At the BOS meeting on Aug. 13, resident and Academy Committee member Kathryn Hunter said she would like to see the board approve the contract and include the opportunity for a handwritten questionnaire that any resident can fill out in addition to the phone poll.
“I am not asking that this in any way expands the questions or the period of time for polling, just that it provides another avenue or another means for the public to deliver their thoughts and opinions on this,” she said. “Great Blue has said they can do this. I believe it would be an additional cost, but I am hoping that additional cost would be very reasonable if the town in fact makes the copies of the questions, collects them here, and delivers them to Great Blue. It would mean that Great Blue just has to essentially tally the hard questionnaires and include them in the summary.”
Over a series of committee meetings, representatives from Great Blue made it clear that a handwritten form could be made possible since its proposal already includes an online survey in addition to the telephone poll. The results of those two methods would be analyzed both separately and together.

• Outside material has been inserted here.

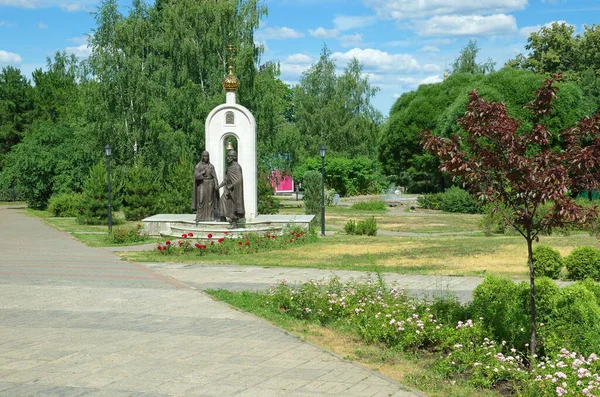 Dmitrov Rusia Junio 2019 Monumento Los Santos Príncipe Pedro Princesa — Foto de Stock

Hunter said there is no opposition on the committee to using Great Blue. Selectman Al Goldberg said he got the same feeling after speaking with Academy Committee Chair Henry Griggs.
“Chairman Griggs did also iterate the same language that Kathryn [Hunter] did in that the committee believes that the public needs some additional form of input into this process besides just the polling by phone,” he said. “They would like us when we are contracting with Great Blue to build that additional form of input into what we are hiring them to do.”

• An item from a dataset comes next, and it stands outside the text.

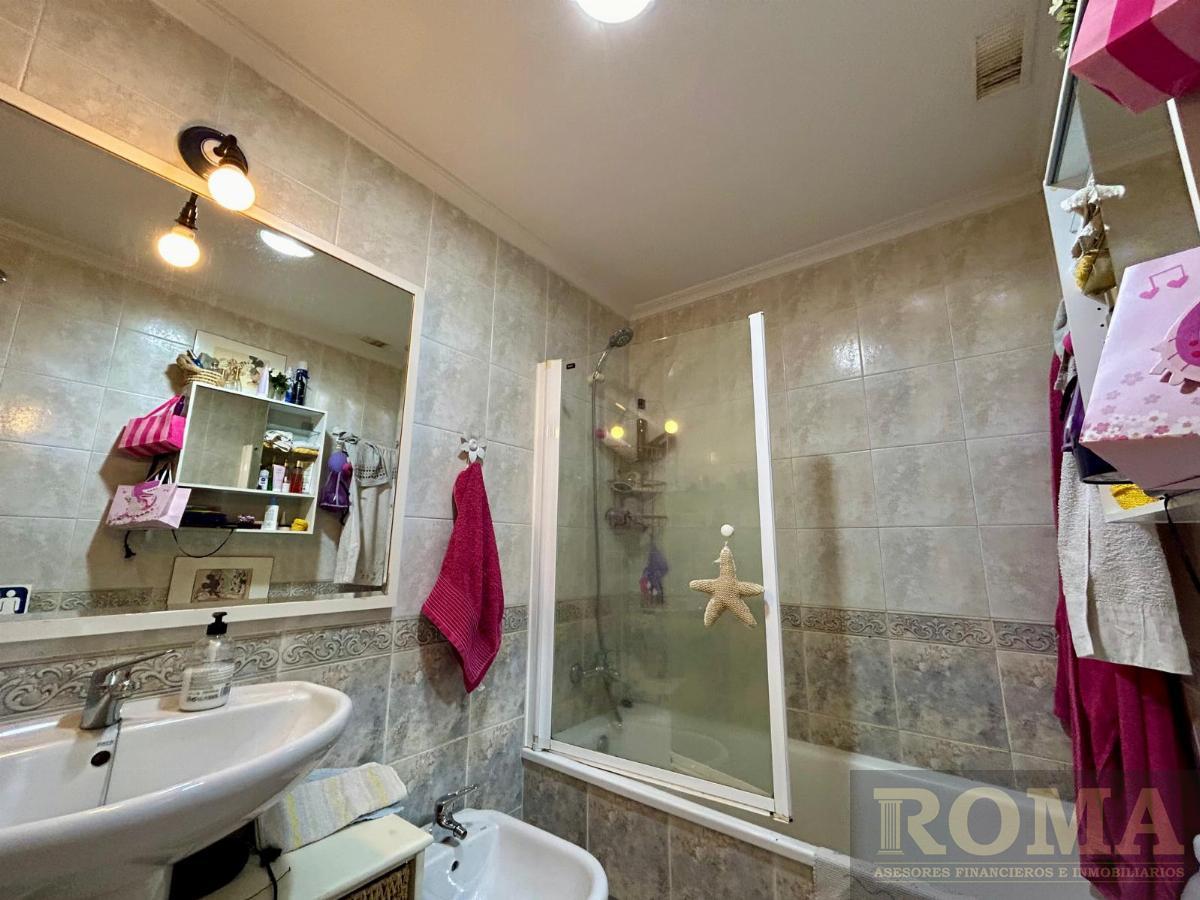 For sale of chalet in Cabrerizos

Selectmen agreed to the idea, but pointed out that it will cost more money. Since the exact figure was unknown, the BOS bumped the payment for the contract up from $10,000 to not to exceed $16,000.
“Lets get this document executed,” said Selectman Bruce Wilson. “Then we can get Great Blue in to explain to the board and to the committee how something on paper would work…I think we provide for it here and then we answer the question in due course.”
The board approved the contract and expenditure unanimously. The expenditure request now has to go before the Board of Finance for final approval because the money is coming out of the planning reserve fund and the authorization of both boards is needed to access that account.
Great Blue
The BOS invited the firm Great Blue Research to present to the board and the public as a potential polling firm on July 23. Great Blue Research, based in Cromwell, is a market research company that has decades of experience working with various municipalities across the state and greater northeast as well as industries such as utilities and healthcare.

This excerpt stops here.